Sam Altman’s Second Coming Sparks New Fears of the AI Apocalypse

Five days of chaos at OpenAI revealed weaknesses in the company’s self-governance. That worries people who believe AI poses an existential risk and proponents of AI regulation.

Open AI’s new boss is the same as the old boss. But the company—and the artificial intelligence industry—may have been profoundly changed by the past five days of high-stakes soap opera. Sam Altman, OpenAI’s CEO, cofounder, and figurehead, was removed by the board of directors on Friday. By Tuesday night, after a mass protest by the majority of the startup’s staff, Altman was on his way back, and most of the existing board was gone. But that board, mostly independent of OpenAI’s operations, bound to a “for the good of humanity” mission statement, was critical to the company’s uniqueness.
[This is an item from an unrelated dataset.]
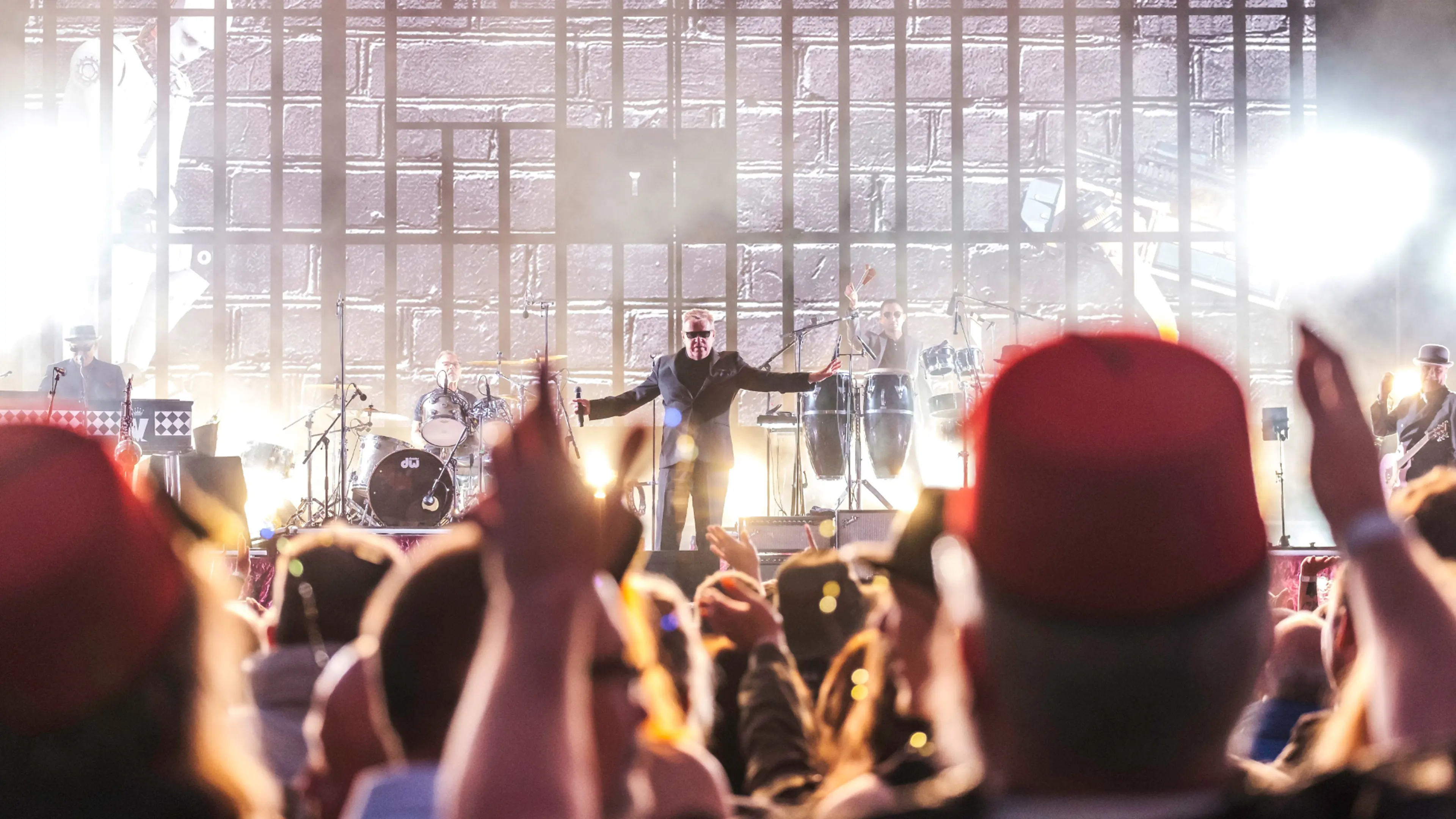 Madness Live on Stage performing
Well, "the good of humanity" may now be secondary in the list of concerns of the new board of directors. Whether the previous board had a correct understanding of that concept or not is a separate question. If you actually believe that the plot of Terminator, or something like that, is an actual existential risk for humanity, and not merely Science Fiction, perhaps there is an argument to be made for the action they took. Although in hindsight it seems to have been completely ineffective and perhaps even contrary to that goal.
 
Was there some sort of recent breakthrough towards achieving AGI?

Sam Altman's Ouster Followed Dangerous AI Breakthrough Claim: Reuters

According to the news agency, sources familiar with the situation said researchers sent a letter to the OpenAI board of directors warning of a new AI discovery that could threaten humanity, which then prompted the board to remove Altman from his leadership position.

These unnamed sources told Reuters that OpenAI CTO Mira Murati told employees that the breakthrough, described as “Q Star” or “(Q*),” was the reason for the move against Altman, which was made without participation from board chairman Greg Brockman, who resigned from OpenAI in protest.

This mysterious 'Q*' sounds like excellent fodder for conspiracy theorists, whether it actually exists or not.